# Assessing the Impact of Building Attributes and Energy Efficiency Ratings on Housing Price Fluctuations in Reading

## Introduction
The housing market plays a significant role in every nation’s economy (Amin and Al-Din, 2018), as it is classified as a necessity for human existence per Maslow’s theory of needs. Changes in housing prices can have a major impact on individuals, communities, and the broader economic environment. Therefore, policymakers, real estate professionals, and homeowners must fully comprehend the numerous factors impacting these changes in the various geographical regions. In Reading, a thriving town in Berkshire, United Kingdom, the housing market undergoes fluctuating changes caused by several different factors such as location, property physical features, neighbourhood amenities, etc.  According to Zancanella et al., (2018), the physical characteristics of the buildings and their energy efficiency rating are important factors that constitute house prices. While several determinants of house price variation have been extensively studied, empirical examination of the impact of key building attributes such as legal interest and energy efficiency rating remains scarce in this study area. This research aims to bridge this gap by investigating how major building attributes and energy efficiency ratings influence housing price fluctuations in Reading, providing valuable insights into the dynamics of the local housing market.


## Literature Review
House prices are influenced by myriad factors, including micro and macroeconomic conditions, demographic trends, and housing supply and demand dynamics of the market segment (Abate and Anselin, 2016). Recent studies document how building attributes and energy efficiency ratings play a crucial role in determining housing prices (Zuo and Zhao, 2014; Zhang et al., 2017; Zancanella et al., 2018). Green building certification, which encompasses features such as sustainable construction materials and energy-efficient designs, has gained consideration for its positive impact on house prices (Huang, 2023).

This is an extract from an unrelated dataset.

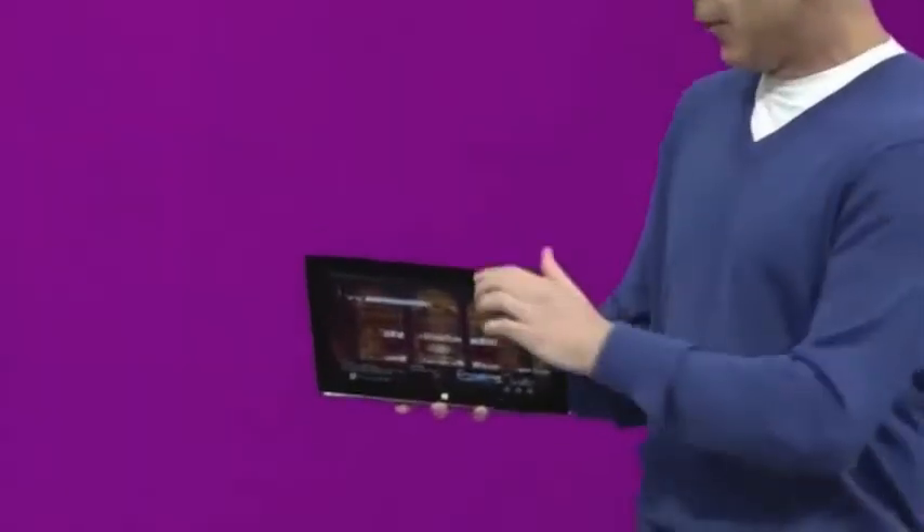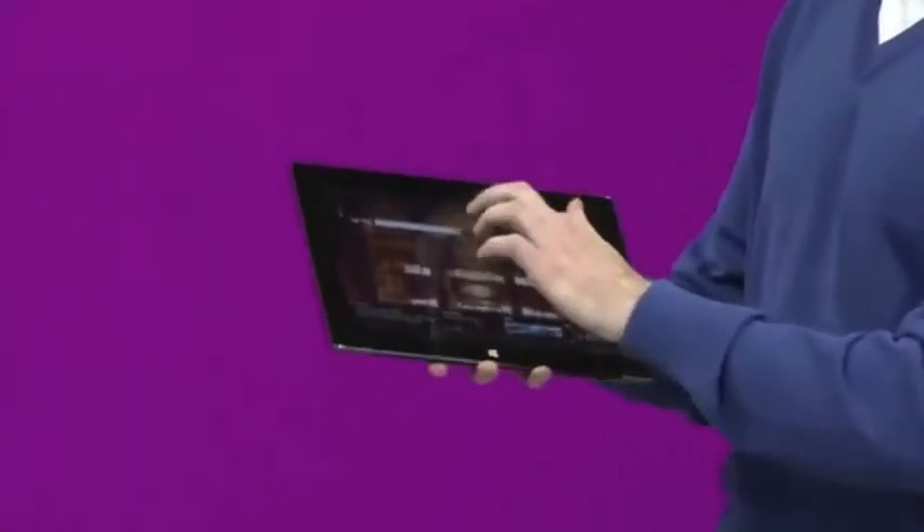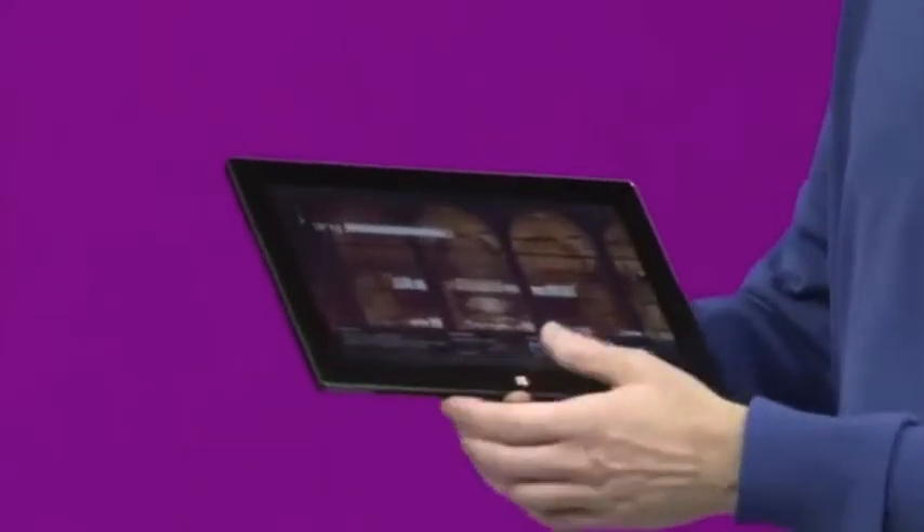Internet Explorer. I can browse smoothly, see great pages using ClearType, and have a great experience just with browsing. Its 10.6-inch optically bonded widescreen display is custom designed for Surface.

The study of Zhang et al., (2023), emphasized that energy-efficient homes tend to command higher prices in the housing market due to their lower utility costs and environmental benefits. However, the specific impact of green building rating on housing price fluctuations in Reading requires further exploration, as the dynamics of the local market may differ from broader market trends.

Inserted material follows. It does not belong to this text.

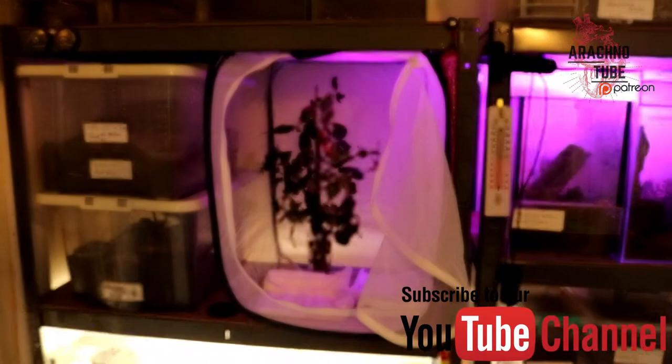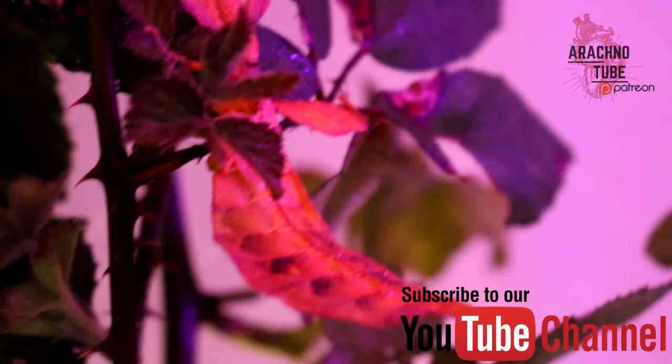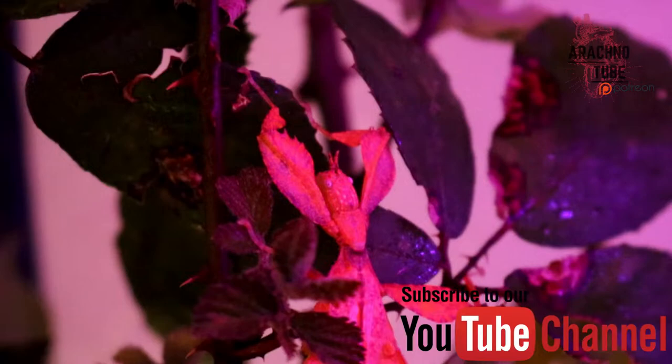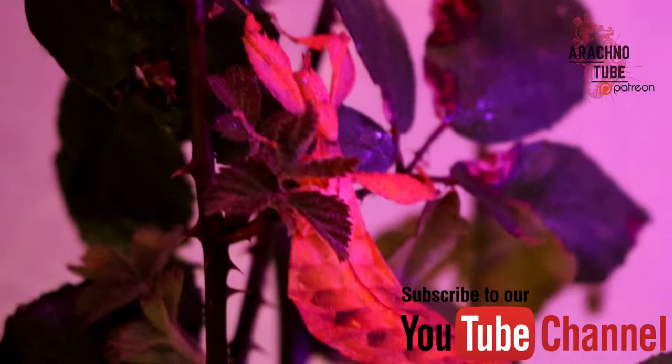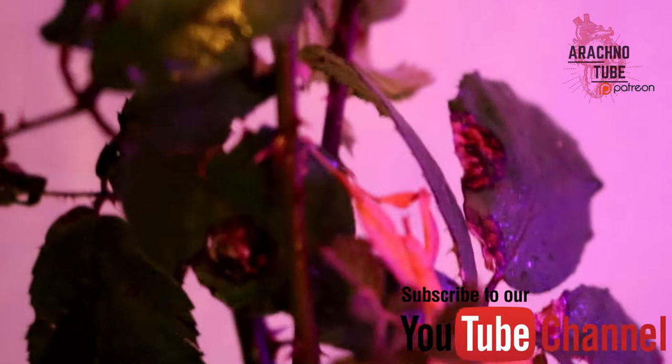This is set up for the leaf insects. Here's the big one — one's just had a massive molt, look at that, really cool. Super cool things, I love them. There's another one right in the back there as well, but you can't see him obviously because he's a leaf.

Although most studies focused on traditional factors such as property location, features, and amenities in determining housing prices, the impact of legal interest structures, such as leasehold and freehold arrangements, remains relatively understudied. Legal interest influences property values by shaping ownership rights, maintenance responsibilities, and future development opportunities (Caesar et al, 2019). While several research explored broader determinants of housing price disparities, few have delved into the unique features of local housing markets and their correlation with building attributes and energy efficiency ratings. We therefore aim to address this gap by conducting a thorough analysis of the housing market in Reading, examining how essential building attributes like freehold/leasehold interests and energy efficiency ratings affect fluctuations in housing prices. Through an examination of these factors within the context of Reading's housing market, this research aims to contribute valuable insights for policymakers, professionals, and homeowners looking to comprehend and navigate the intricacies of the local housing market.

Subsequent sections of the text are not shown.